A Meta está desenvolvendo um sistema interno para rastrear e conter o uso de tokens de inteligência artificial pelos funcionários, em meio a custos que podem atingir bilhões de dólares ainda este ano. A nova ferramenta, chamada AI Gateway, tem como objetivo oferecer dados em tempo real sobre o consumo de IA e alertar automaticamente equipes que ultrapassarem limites de uso predefinidos.
De acordo com um memorando obtido pelo site The Information, o lançamento do AI Gateway foi comunicado a cerca de 6 mil funcionários no início da semana passada.

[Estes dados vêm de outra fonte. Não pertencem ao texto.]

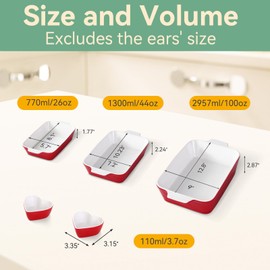 RUYOLIKS Baking Dish for Oven Ceramic Lasagna Pan 9×12.8 Inch Casserole Dishes Bakeware Set With Ramekin Large Deep Baking Dishes Rectangular Non-Stick Baking Pans for Kitchen Baking and Roasting Red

Segundo o documento, a plataforma exibirá métricas de uso e gastos de IA em tempo real e notificará as equipes sempre que houver picos incomuns de tokens consumidos.
O memorando também prevê a definição de cotas individuais de tokens para cada colaborador e a adoção de orçamentos mais rígidos até 2027, com regras claras de alocação de recursos de IA dentro da empresa. A medida faz parte de um esforço para equilibrar o rápido crescimento do uso de modelos de linguagem e os gastos associados à tecnologia.

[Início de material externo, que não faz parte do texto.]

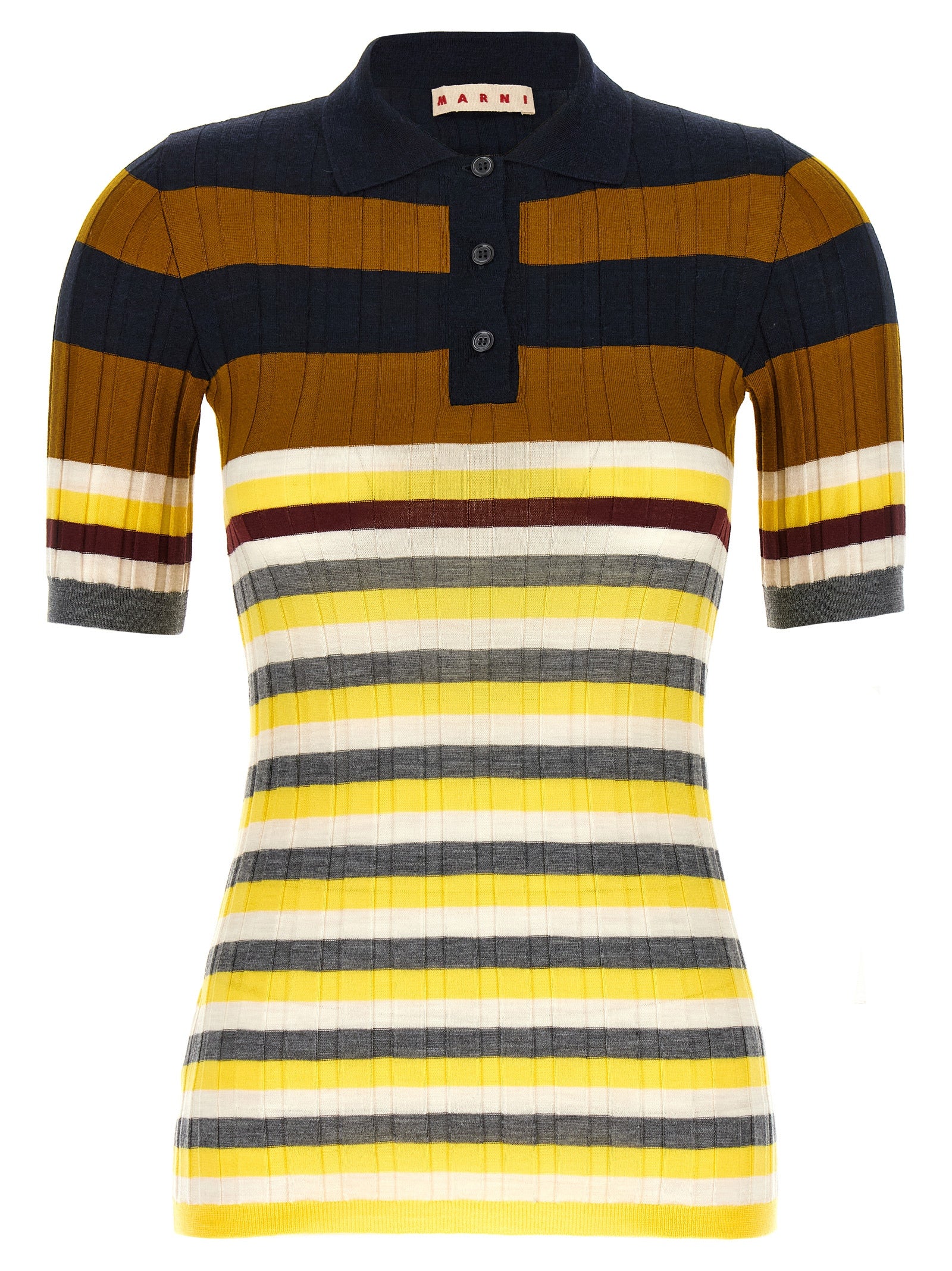 Marni Mehrfarbiges Poloshirt aus reiner Schurwolle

Uso exclusivo de ferramentas proprietárias
Outra recomendação interna desencoraja o uso de soluções de IA de terceiros para desenvolvimento de código. Em vez disso, a Meta orienta os engenheiros a utilizarem o MetaCode, assistente de programação anteriormente conhecido como Devmate. A plataforma combina modelos da família Llama com soluções externas, como os sistemas da Anthropic e OpenAI.
Essa restrição reflete uma tendência também observada em outras big techs. Recentemente, a Microsoft cancelou licenças do Claude Code, da Anthropic, e passou a direcionar colaboradores para o GitHub Copilot CLI, ferramenta própria da companhia. Já a Amazon encerrou um painel interno que monitorava o consumo de IA após funcionários realizarem tarefas apenas para subir no ranking de uso.

Imagem: Ap
Pressão sobre gastos de IA
O controle de tokens ocorre em um momento em que empresas como Uber também enfrentam desafios com o orçamento de IA: a companhia teria consumido, em apenas quatro meses, todo o montante previsto para 2026, segundo o Business Insider. Ainda de acordo com a publicação, o diretor de operações da Uber, Andrew Macdonald, afirmou não ter observado ganhos proporcionais ao aumento dos gastos com tecnologia.

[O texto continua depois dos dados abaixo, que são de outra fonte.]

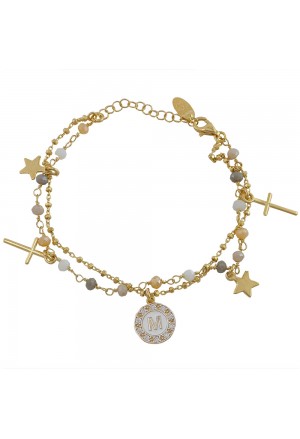 Bracciale Dvccio Iris Due Fili Pietre Giallo Argento Gold Lettera M Donna RAGP8FM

Amazon, Meta e Microsoft estão entre as grandes empresas que, juntas, deverão emitir cerca de US$ 570 bilhões (aproximadamente R$ 2,9 trilhões) em dívidas neste ano para financiar data centers voltados à inteligência artificial. A cobrança interna pelo uso de tokens é vista como uma forma de justificar esses investimentos e reduzir despesas excessivas.